A partnership to predict run timing

Researchers from NOAA Fisheries and the Alaska Department of Fish and Game, with the support of the Alaska Ocean Observing System, have identified a combination of spring conditions that is closely related to the timing of Chinook salmon on the Yukon delta.  Using percent spring ice cover between St. Lawrence Island and the Yukon delta, April air temperatures in Nome, and marine surface temperatures just offshore of the delta in May, the team predicted the timing of the run in the last two seasons to within three days of the actual timing before the start of each run.

Click here for a summary of historical and near real-time fish and environmental data for the 2015 Chinook salmon run in the Yukon River delta, Alaska Department of Fish and Game (ADF&G) Management Area Y-1.

Why is it so important to get the run timing right?

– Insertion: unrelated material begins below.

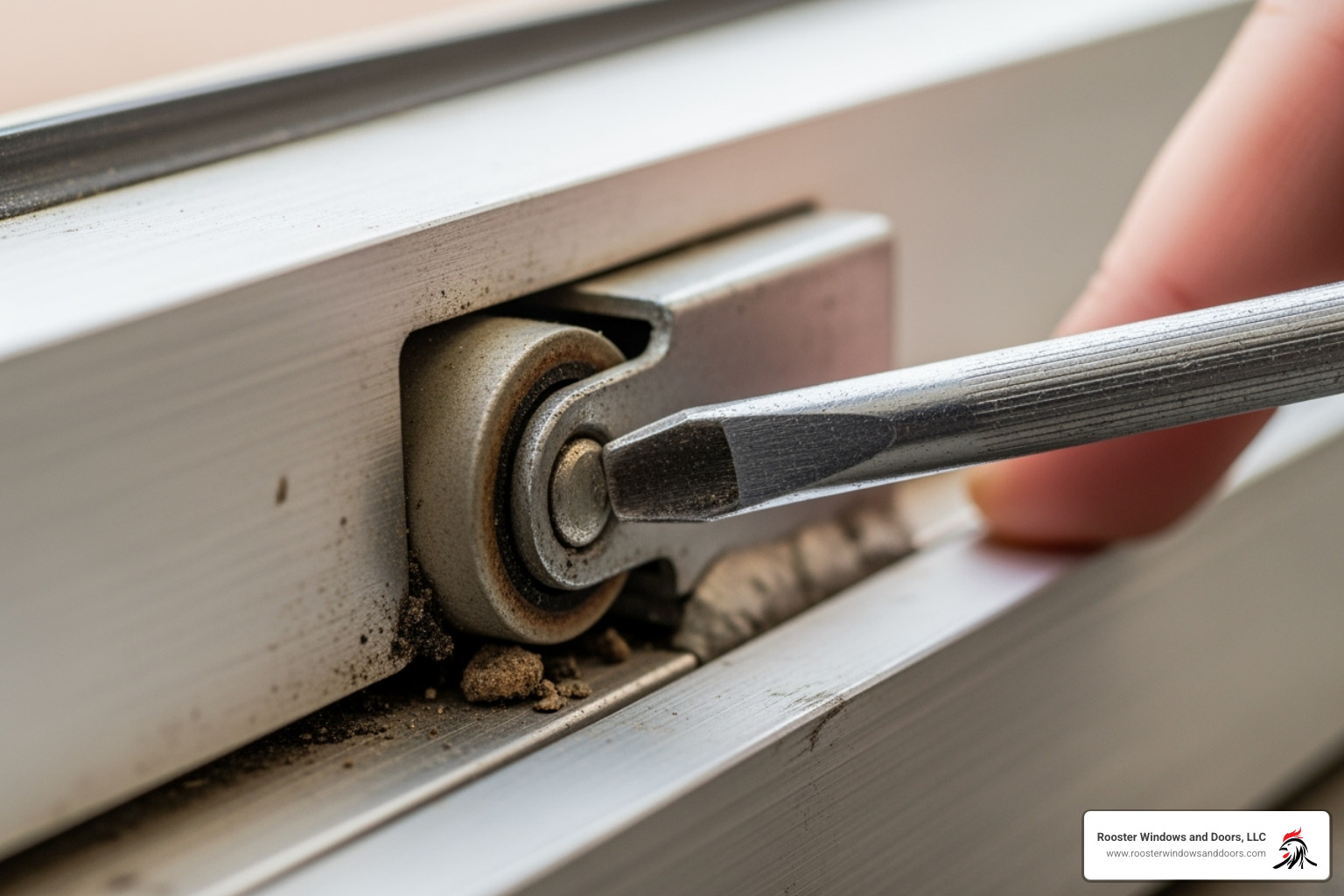 A close-up image showing a screwdriver being used to pry an old, worn roller assembly out of the bottom frame of a patio screen door - replacing patio screen door rollers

Known for navigating the longest annual freshwater migration route of any salmon to reach their spawning grounds, Chinook salmon can start arriving on the Yukon River delta at almost any point in June. Over the past 50 years the first pulse of Chinook has occurred sometime between June 6 and June 26. Traditional knowledge on the Yukon holds that spring weather conditions, including ice, temperatures and wind determine when in June the fish enter the river, but each spring brings a different combination of conditions, so pinning down a schedule for the arrival of the first pulse can be tricky. Twenty days can be a long time to wait to find out when the fish are actually coming and if there are enough of them to harvest.

Management of the Chinook salmon fishery is closely linked to expected time of arrival in harvest areas. When the migration begins earlier than expected, it’s reasonable for fishery managers to conclude that the run is stronger than it actually is, possibly resulting in over-harvesting near the river’s mouth and loss of harvest opportunities upriver. Likewise, in years when the first pulse of fish comes late, it is reasonable for fishery managers to conclude that the run is very weak, perhaps so weak that fishing needs to be slowed or stopped altogether.